Michael Clarke dominating Aussie cricket

Let’s look at some other domestic cricketers. Phil Hughes has been dominant in England. On the other hand he failed to make a century during the last Australian domestic season and seemed to have been worked out. Although, he wasn’t incredible in the Ashes but his domestic first-class record is too good to ignore. The amount of runs he has scored is simply staggering. At just 23, he has 17 hundreds and 5810 runs and ovr 300 runs in the English domestic T20 tournament in which he top scored b y a county mile by the quarter final stage. How can Australia possibly ignore this run machine? Get him in the side, straighten out his flaws and make him a master of his art.

Chris Rogers, who has been in the form of his life playing for Middlesex in all forms of cricket, is a little older and is still waiting, like David Hussey, for a proper chance to play Tests. He has been churning out runs for a long time. In Sheffield Shield trophy this season, he hit 781 runs including three centuries to be among the top run-getters.

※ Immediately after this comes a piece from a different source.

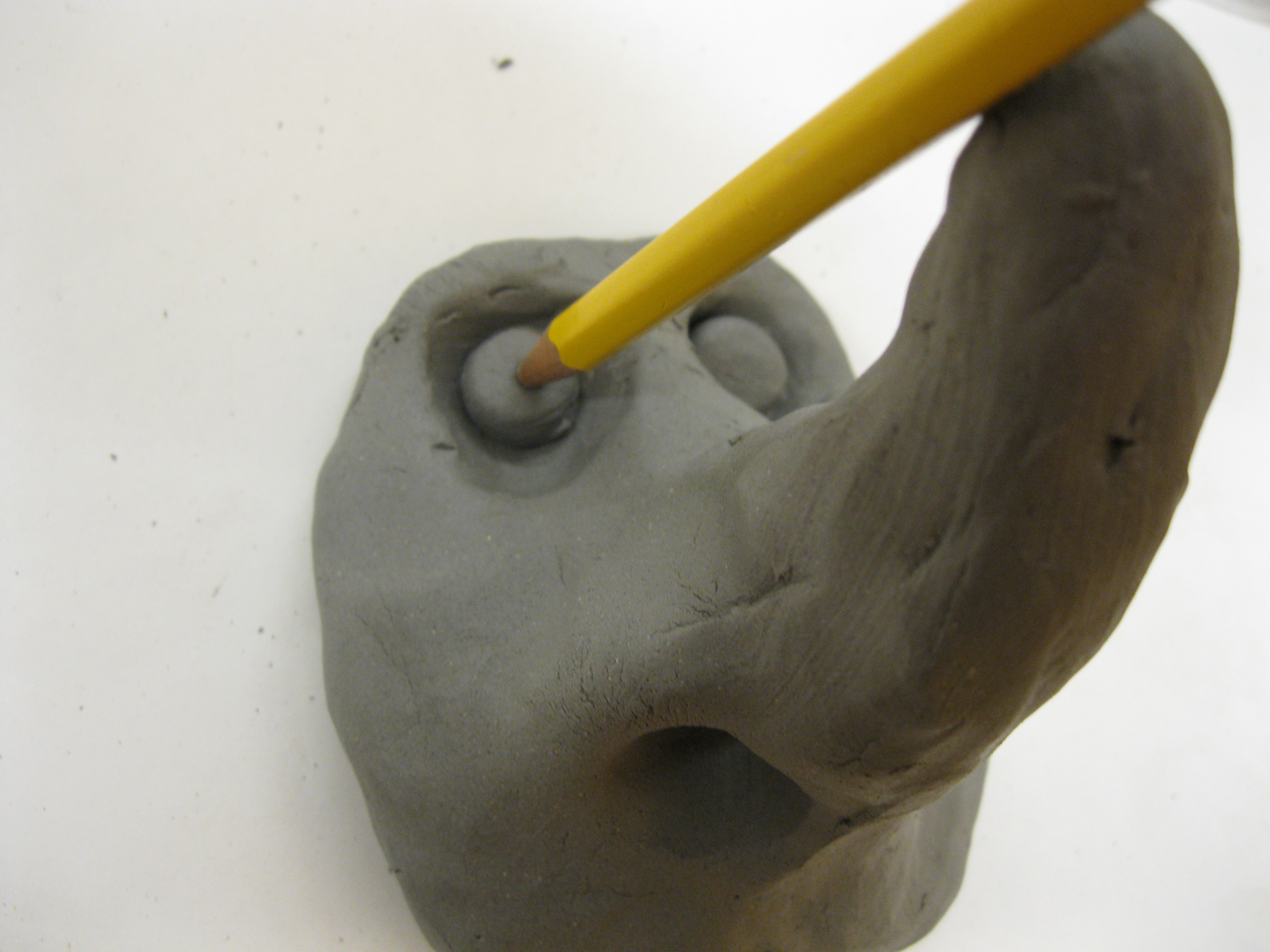 clay4.JPG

Likewise, there is Marcus North who despite already having had a shot at Test cricket was chucked for not being good enough. He is a stylish attacking batsman who can bowl.

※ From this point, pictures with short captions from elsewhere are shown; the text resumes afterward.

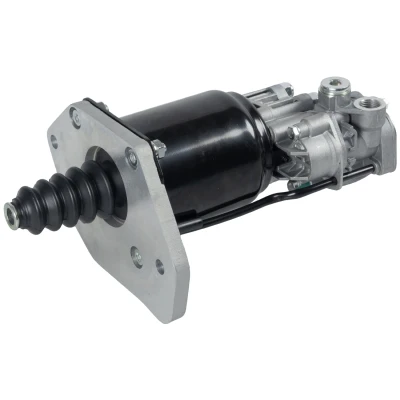 Bilde av FEBI BILSTEIN 172517 Clutchforsterker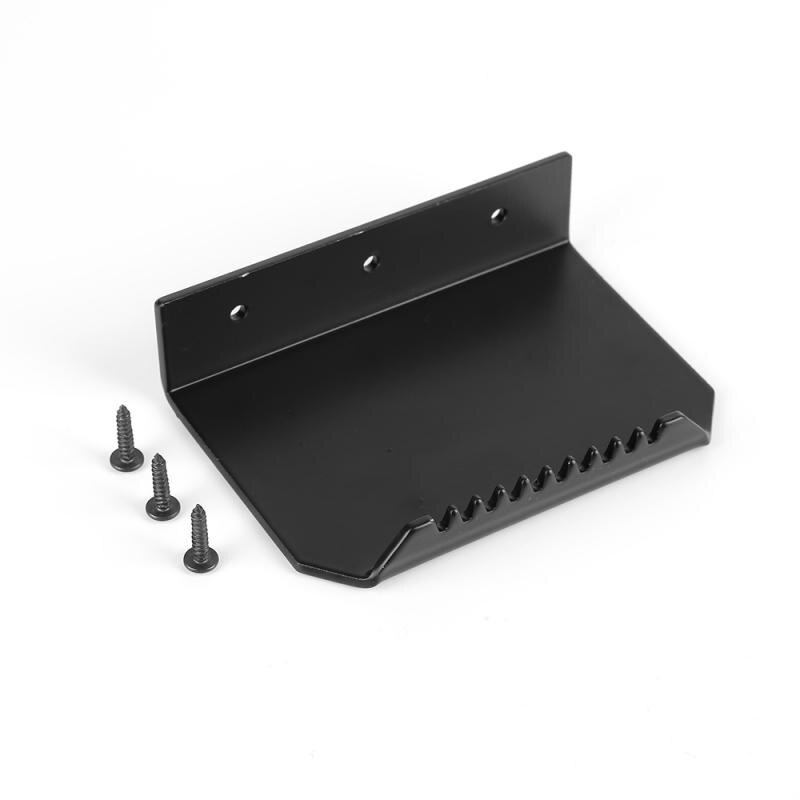 Door Opener No Touch Open Door Hands-free Door Opening Avoid Contact Convenience Opener Foot Door Opener Ouvre Porte Home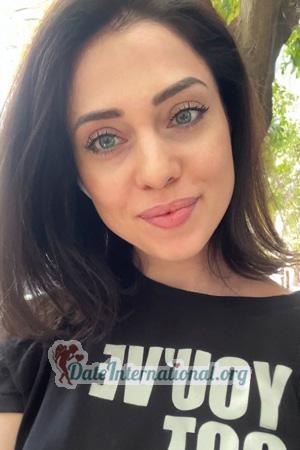 228075 - Nadia Age: 37 - Ukraine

Also, seasoned professionals like 32-year old Adam Voges, Michael Klinger and Phil Jacques have all been on the fringes for a long time. Klinger, who was the fourth-highest run scorer in the 2011-12 season, has not been able to break into the side. He scored one century in 19 innings, which isn’t breathtaking for one of the top scorers in the domestic league.

Phil Jacques has become so fed up with Australia selection that he has now said he wants to play for English counties. Rob Quiney and Liam Davis have both scored profusely and but have gone unnoticed. Perhaps Davis’s long-term record is not outstanding, but having scored three of his four centuries in the 2011-12 season including a triple-century, credit should be given where it is due. If a player is successful then he should get some acknowledgement, bearing in mind the alternatives – Smith, Forrest and George Bailey, and no one else really.

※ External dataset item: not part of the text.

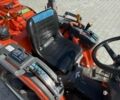 Кубота Другая, объемом двигателя 0 л и пробегом 0 тыс. км за 6200 $, фото 17 на Automoto.ua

The top century makers in Australia’s domestic league were Ed Cowan, Quiney, David Hussey, Forrest, Bailey, Davis and Rogers with three centuries apiece.

Liam Davis 921 runs in 15 innings. Averaging over 60 but still overlooked over the likes of Steve smith

The likes of Usman Khawaja, Bailey and Forrest are all decent players or they wouldn’t get in the Test side, but they haven’t set the world alight and are clearly not ready for international cricket. Who are the fringe players pushing for a spot in the side?

I can’t see anyone who is scoring runs that doesn’t seem to have had a go in the Australian team on some level. Those in the Test, ODI and T20 side are simply not performing to a high standard. I hope Australia soon find a new Ponting or Michael Hussey because at the moment they are an inexperienced side. I am sure in three to four years there will be good players worthy of international cricket, but until then, Australia need some serious runs from some experienced batsmen.